» What the exercise asks
Lines in the entries below where the word "with" shows up should each be copied.

» Given data
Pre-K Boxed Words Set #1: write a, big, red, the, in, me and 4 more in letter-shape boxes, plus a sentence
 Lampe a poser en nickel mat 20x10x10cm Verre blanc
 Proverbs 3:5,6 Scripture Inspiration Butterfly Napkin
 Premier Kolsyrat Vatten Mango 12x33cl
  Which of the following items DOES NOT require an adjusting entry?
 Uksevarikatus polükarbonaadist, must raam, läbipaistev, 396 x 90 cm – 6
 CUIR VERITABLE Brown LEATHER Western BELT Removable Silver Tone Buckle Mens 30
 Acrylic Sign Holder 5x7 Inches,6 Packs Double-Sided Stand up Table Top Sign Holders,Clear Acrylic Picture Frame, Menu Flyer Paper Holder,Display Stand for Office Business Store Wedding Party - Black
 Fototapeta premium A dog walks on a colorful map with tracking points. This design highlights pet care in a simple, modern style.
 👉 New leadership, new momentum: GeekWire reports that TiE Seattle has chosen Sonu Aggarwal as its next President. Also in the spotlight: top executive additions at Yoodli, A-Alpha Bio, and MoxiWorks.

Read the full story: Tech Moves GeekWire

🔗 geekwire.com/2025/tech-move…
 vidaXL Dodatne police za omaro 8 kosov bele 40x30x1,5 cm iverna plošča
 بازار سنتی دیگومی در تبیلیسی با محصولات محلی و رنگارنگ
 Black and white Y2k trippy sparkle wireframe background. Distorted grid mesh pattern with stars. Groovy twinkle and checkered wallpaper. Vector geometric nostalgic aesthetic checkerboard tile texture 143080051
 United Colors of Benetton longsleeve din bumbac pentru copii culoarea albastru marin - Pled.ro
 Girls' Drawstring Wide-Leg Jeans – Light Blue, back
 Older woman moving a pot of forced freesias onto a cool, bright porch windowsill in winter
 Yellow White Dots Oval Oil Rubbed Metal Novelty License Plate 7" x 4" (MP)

» Task solution
 Fototapeta premium A dog walks on a colorful map with tracking points. This design highlights pet care in a simple, modern style.
 Black and white Y2k trippy sparkle wireframe background. Distorted grid mesh pattern with stars. Groovy twinkle and checkered wallpaper. Vector geometric nostalgic aesthetic checkerboard tile texture 143080051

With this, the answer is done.